Immunotherapy for bowel cancer could change clinical practice

A large international trial involving UCL and UCLH has found that pembrolizumab, a form of immunotherapy, more than doubled the 'progression free survival' time of patients with a specific subtype of advanced bowel cancer, when compared with chemotherapy. 'Progression free survival' is the length of time during and after the treatment of a disease, such as cancer, that a patient lives with the disease but it does not get worse. In a clinical trial, measuring the progression-free survival is one way to see how well a new treatment works.
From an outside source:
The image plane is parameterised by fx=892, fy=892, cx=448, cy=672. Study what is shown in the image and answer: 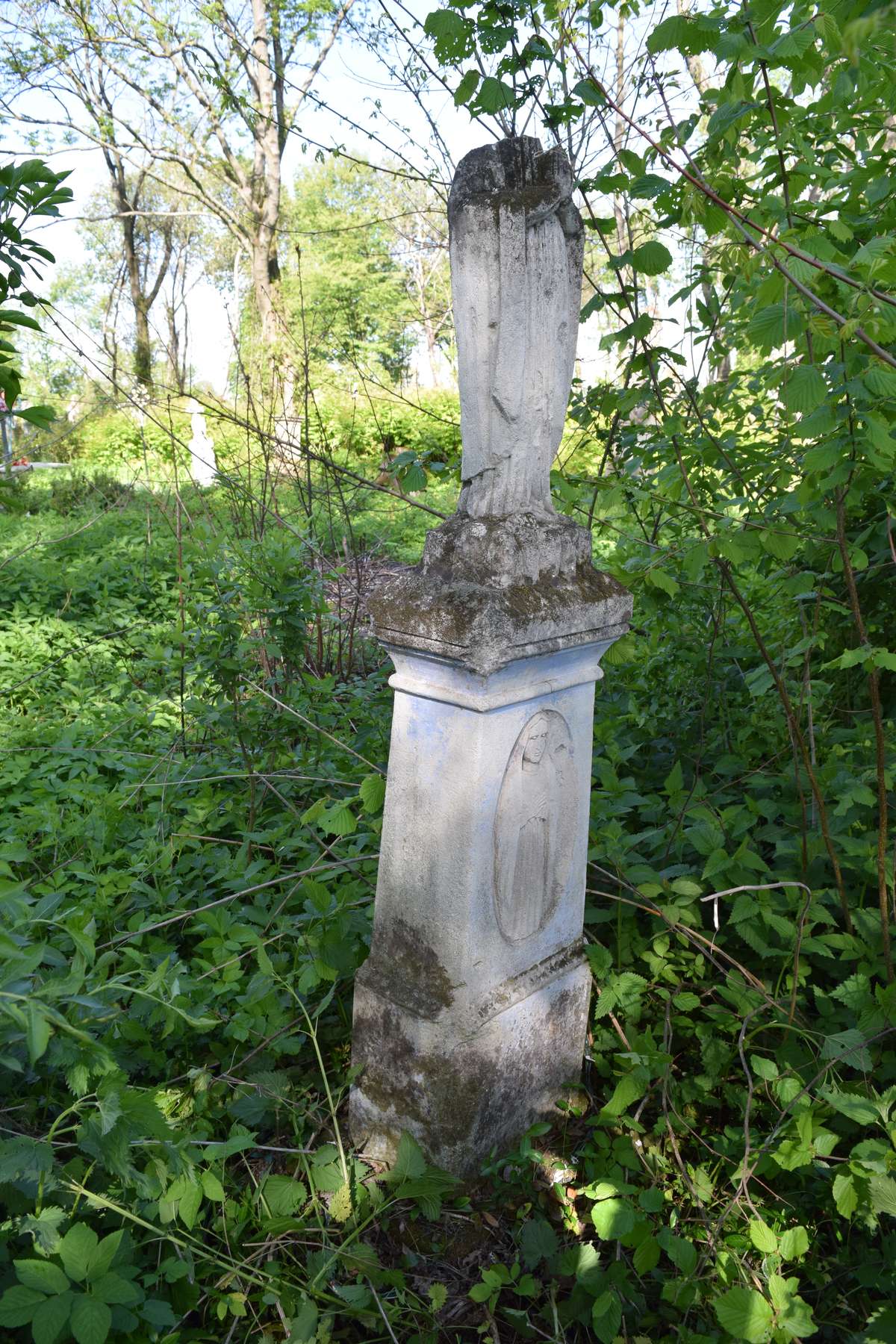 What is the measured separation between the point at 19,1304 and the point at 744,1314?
115cm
As part of an interim analysis of clinical trial data, presented at the American Society of Clinical Oncology (ASCO) Annual Meeting, researchers found patients who were treated with pembrolizumab (also known as Keytruda) had 'progression-free survival' of 16.5 months (on average), compared with 8.2 months for those who were treated with chemotherapy. In addition, 11% of patients who were treated with pembrolizumab were also found to have a 'complete response' where their disease had disappeared from scans. Furthermore, in almost half the patients who had pembrolizumab (48.3%), their disease had not progressed after two years versus only a fifth of patients who had had chemotherapy (18.6%), which means the beneficial effects are also durable. The trial's UK Chief Investigator, Dr Kai-Keen Shiu, Honorary Associate Professor in Oncology at UCL Cancer Institute and Consultant Medical Oncologist at UCLH, said:  "This is the first randomised controlled study to show that first-line immunotherapy is significantly better than chemotherapy at shrinking metastatic bowel cancers with these specific DNA mutations, and delaying the time it takes for the cancer to progress.